Astrophysicist Imre Bartos. Photo: Columbia Experimental Gravity Group

Astrophysicist Imre Bartos, a member of the LIGO collaboration that confirmed Albert Einstein's 100-year-old scientific theory with a 2016 announcement of the first gravitational waves ever detected, will present a BSA Distinguished Lecture at the U.S. Department of Energy's Brookhaven National Laboratory on Thursday, June 16. Bartos' talk, titled "The Discovery of Gravitational Waves from Colliding Black Holes," will be held in Berkner Hall at 4:30 p.m.

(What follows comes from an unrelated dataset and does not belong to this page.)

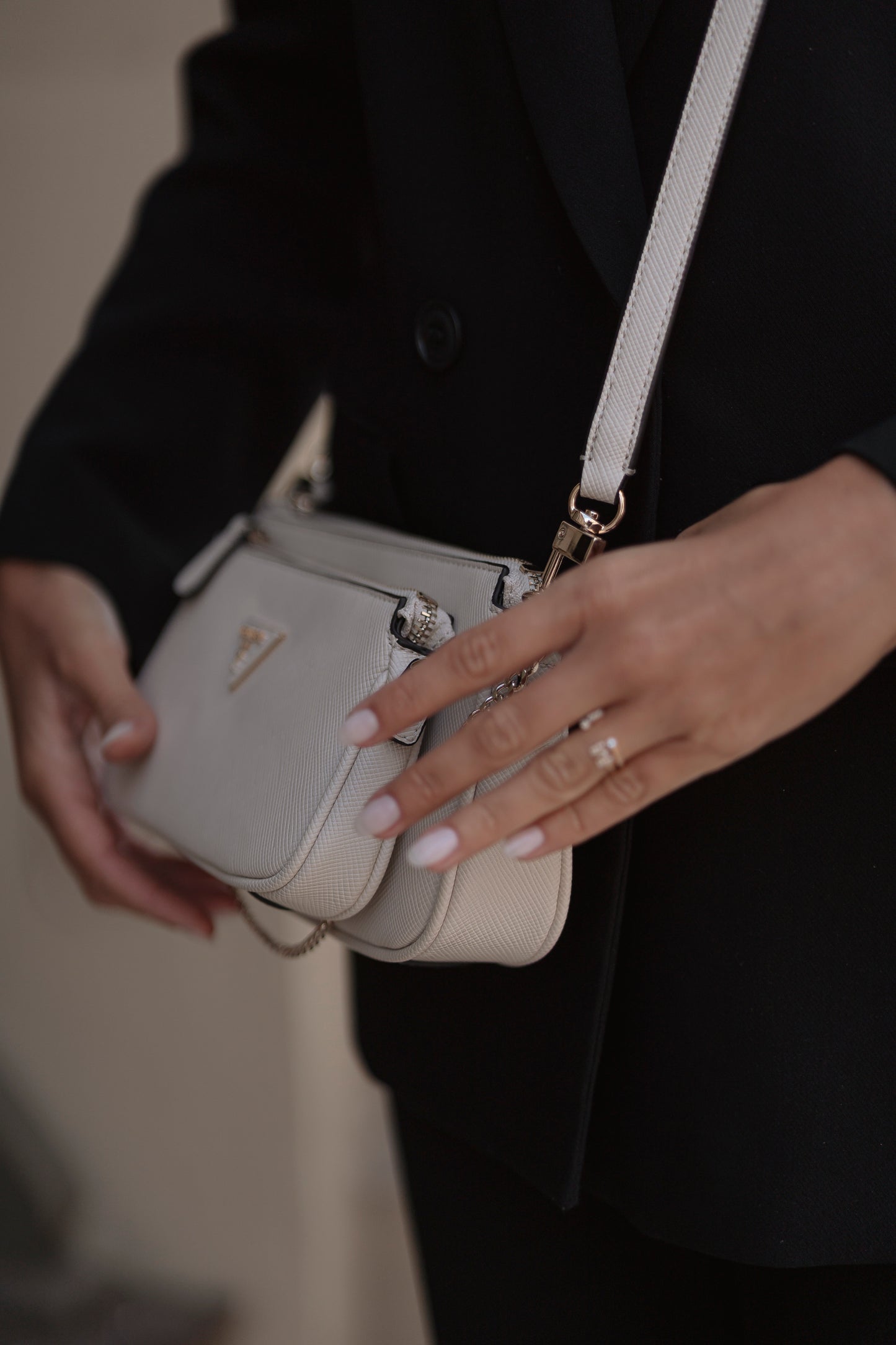 MALA TIRACOLO " NOELLE " GUESS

At 5:51 a.m. Eastern Daylight Time on Sept. 14, 2015, the Laser Interferometer Gravitational-wave Observatory's (LIGO) detectors in the states of Louisiana and Washington identified signals they'd been waiting for. The minuscule disturbances in space the two LIGO detectors picked up were gravitational waves produced from a cataclysmic collision between two black holes an estimated 1.3 billion years ago. Einstein first predicted gravitational waves in 1916 and now that they have been observed and confirmed, our understanding of gravity and space will never be the same.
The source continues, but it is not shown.